Fringe Technicians: The Men and Women in Black

"We are sort of an under-the-radar group," said Debbie Tallen, a technician for the
Minnesota Fringe Festival.


It is true that most attendees of the Minnesota Fringe Festival will never encounter a Fringe technician.  They are the people in the back of the theatre dressed in black and keeping out of the public eye.  "Generally, we
like it that way," acknowledged Tallen.


Just before the 2008 fringe got underway, I sat down with Debbie at the Chatterbox Pub in Minneapolis.  I have often interviewed performers for this column over the years, but never had I sat down one-on-one with a technician.  And I thought it was odd that I'd neglected doing so.  Many of my friends over the past few years have been the folks running the lights and the sound and everything else at the Fringe venues.  Despite attempting to cover Fringe from many different angles, somehow I missed one right in front of me.

"This is my 5th Fringe," Debbie informed me.  Her first Fringe Festival was 2004.  The venue?  The now defunct Hey City Theater, currently known as Hennepin Stages, which was upstairs from Fringe Central that year.  Fringe technicians are assigned one specific venue that they work at throughout the festival.  Each venue has two technicians that are each able to run any of the shows that are being presented at that venue.  Debbie and her "Fringe Buddy" are scheduled at the Southern Theater this year.  The Southern is a special venue in many respects, not the least of which is that the venue's sponsor, Gopher Stage Lighting, supplied special LED lights for use in that venue.

Tallen, who works for Gopher as her day job, explained that the strip lights at the rear of the stage are all LED instruments.  "There was an idea that it would be really cool to have an all-LED venue."

"It was a cool idea, but it's just not extremely practical," at least for this year, according to Tallen.  Instead, "we are using the strip lights as a backwash on the brick wall at the Southern.  It's a scenic element.  A little cool.  A little different.  We also brought in two moving lights and are running it on a moving light board."

Basically, the lights that Debbie was talking about were ones that can change color on the fly, rotate, pan from side to side, and so on.  They are far more technically advanced than those in most Fringe venues.
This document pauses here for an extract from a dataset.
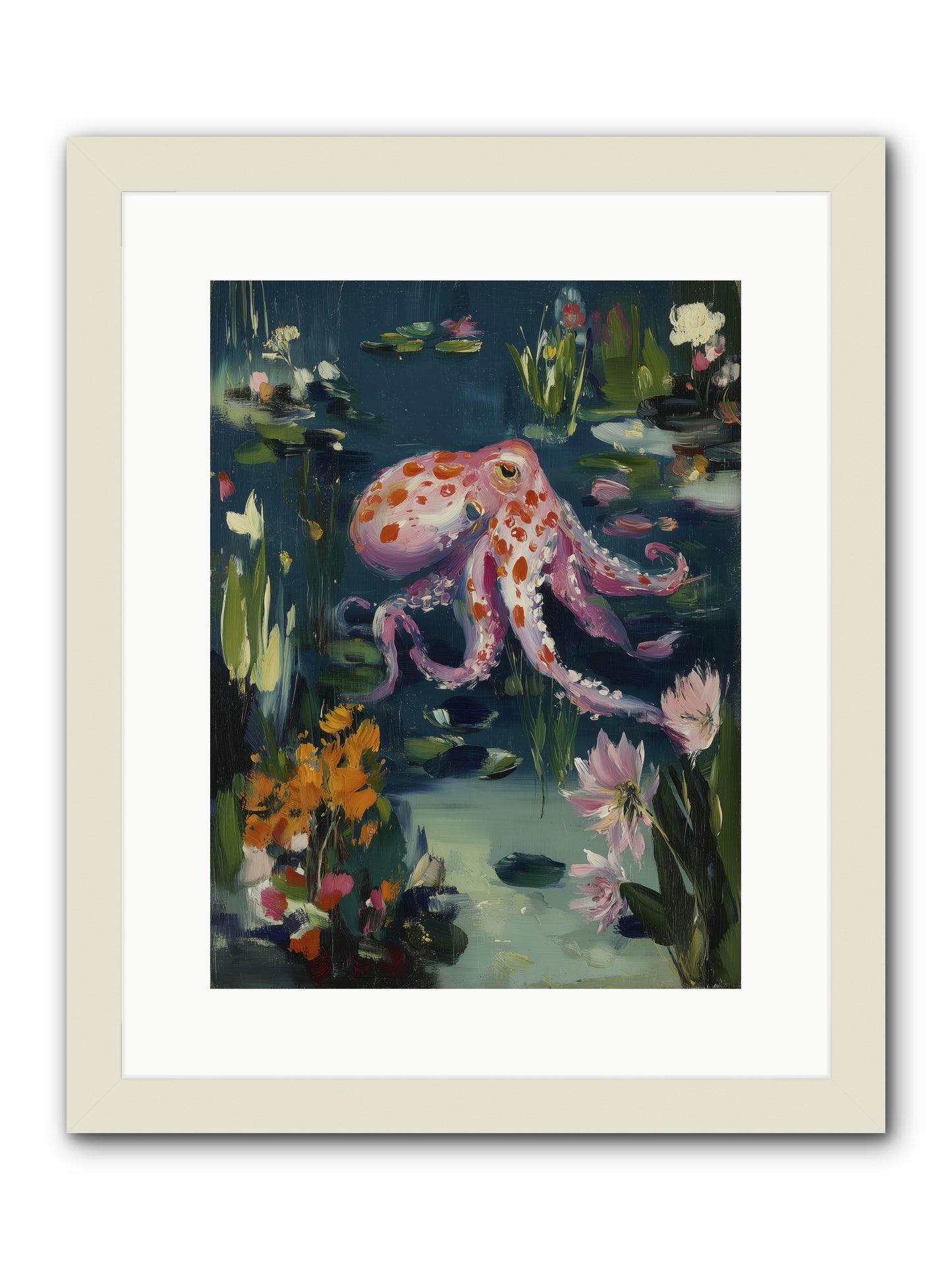 Water Castles -- Framed Print - White 12x16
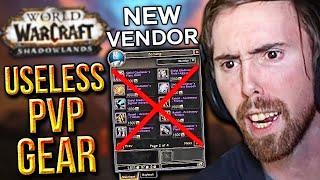 The Massive Problem With Shadowlands PvP Gear - Asmongold Reacts to Stoopzz's Vendor Breakdown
At the time of our interview, however, the demands of the Southern as a venue was not first and foremost in Tallen's mind.  She was focused on the more teamwork oriented days ahead.  Loading in the Fringe, getting each space ready, can involve bringing in outside lighting, climbing up into catwalks to hang new lighting, changing color medium (we used to call them "gels") in the lights, and the like.  All the technicians worked on all the venues prior to the festival's beginning.

For actors and producers in the Fringe Festival the banter between time slots is often about what shows they've seen and where.  Producers get a number of passes that allow their company members, actors and otherwise, to see shows other than their own.  For a Fringe Technician, it is likely that they can only talk about the shows at their specific venue.  How much time do they have for seeing other shows?  The most performances that Debbie has ever caught outside her own venue: two.

"The fringe is different because it is unlike any other experience you're going to have in the theatre," Debbie related as she expressed why she still does the Fringe every year, but has removed herself from doing tech work regularly in the theatre community.  "It's great.  For me personally, it's like this two week vacation where I get to hang out with my buddies that I never get to see."

A two week vacation that involves eleven 3-hour technical rehearsals, hanging lights, dealing with anything that goes wrong, and running half the shows in her venue?  That's a vacation to a woman who usually works at Gopher Lighting full-time and also is the director of the Figure Skating Club of Minneapolis.

"It's like a vacation.  I'm working my butt off.  I'm still working my full-time job, and my part-time job, and doing this, too.  But, I'm happier than I could ever imagine.  I feel so energized.  There's an energy that comes with doing the Fringe that's just an awesome part of being in Minneapolis."